(DATA PROVIDED Opens)

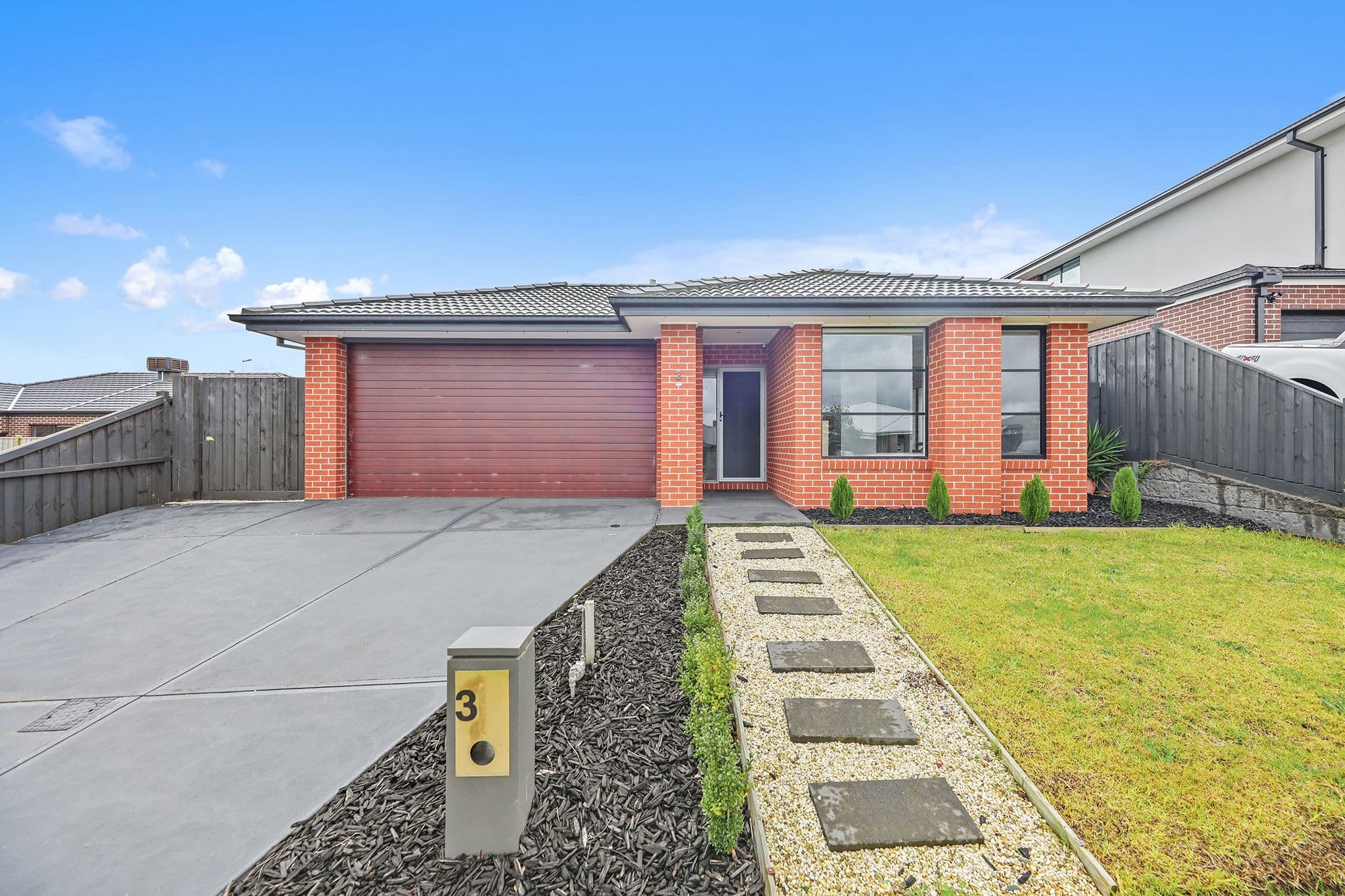 3 Holly Street, Warragul VIC 3820, Warragul - Thumbnail 2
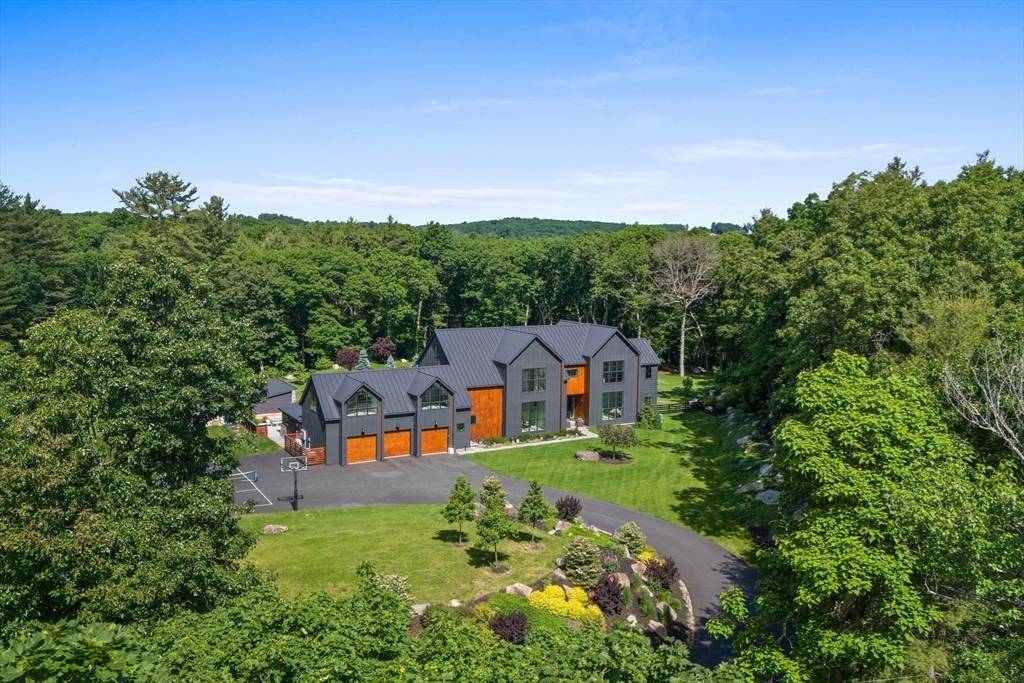 105 Centre St, Dover, MA 02030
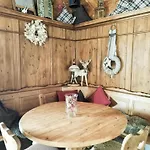 Talblick- Fruehstueckspension (adults Only) 4*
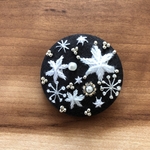 ビーズ刺繍 雪花（ヘアゴム/ブローチ）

(DATA PROVIDED Closes)

## WORK TO COMPLETE
Send back the data above word for word, with the pictures left out.

## ANSWER SPACE
 3 Holly Street, Warragul VIC 3820, Warragul - Thumbnail 2
 105 Centre St, Dover, MA 02030
 Talblick- Fruehstueckspension (adults Only) 4*
 ビーズ刺繍 雪花（ヘアゴム/ブローチ）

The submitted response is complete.